Religious Studies | Studies in Africa, Europe, and West Asian Religions: Death and the Afterlife in Ancient Judaism
A300 | 27786 | M. Suriano

The above course carries COLL A & H distribution credit
Meets with another section (27787) of A300
This course will examine the development of Jewish concepts of death
and life-after-death.  The general survey will cover the broad
historical timeline of Judaism, from the Hebrew Bible to the
rabbinic writings. The class will also examine sources that reflect
the formative period of Judaism (the Dead Sea Scrolls and other
Second Temple period literature), and will look at the Jewish
background of early Christian afterlife-concepts found in the New
Testament. Topics to be considered include dying as a social
process; the development of an afterlife dichotomy that implies
notions of final retribution or reward; the immortality of the soul
and the resurrection of the body.
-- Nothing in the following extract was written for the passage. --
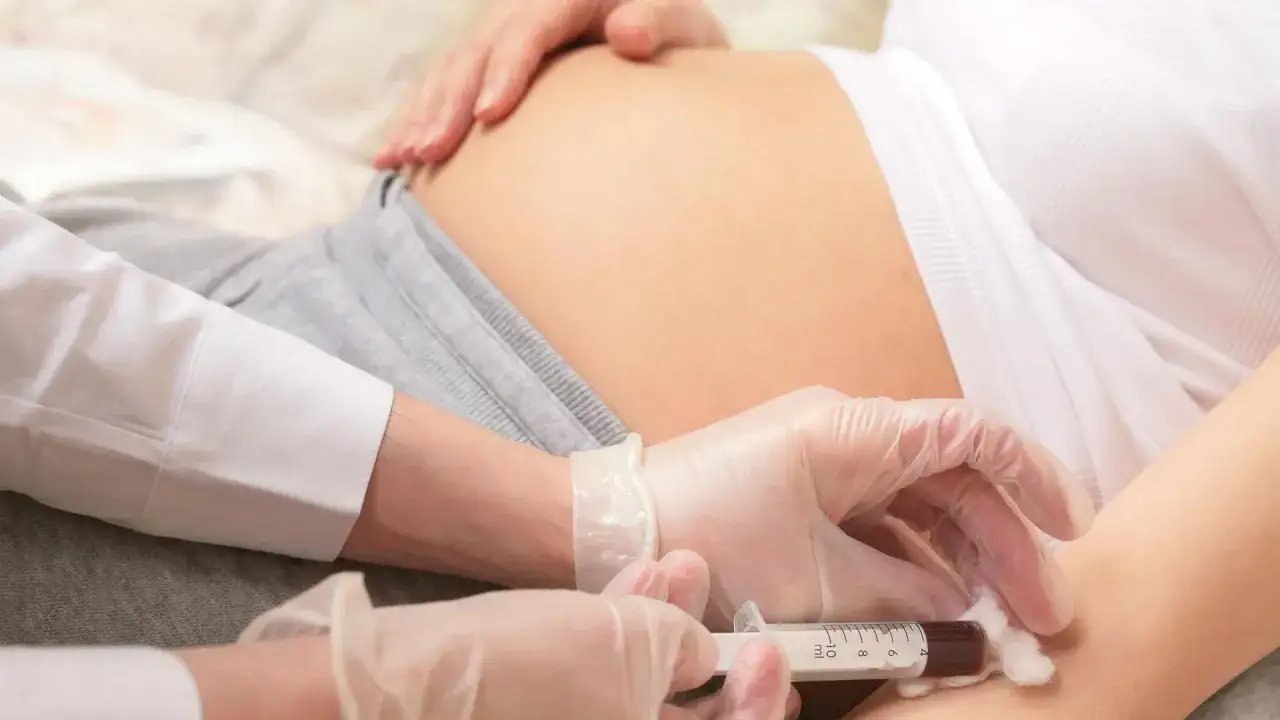 Toma de muestra para test prenatal no invasivo, un procedimiento seguro y accesible a trav&eacute;s de la seguridad social.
The exploration of each topic will
reveal the extensive discussion and plurality of thought that is
evident in literature beginning with the biblical texts and
extending into the rabbinic sources.  The purpose of the course is
to explore early ideas about the afterlife within Jewish cultural
contexts, and to further examine how these concepts evolved in
dynamic interaction with socio-historical circumstances.  The
objective of this course is to make the students more aware of the
manner in which past ideas about death and the afterlife developed,
and the ways in which they have prompted reflection of human
suffering, divine justice, and mortality.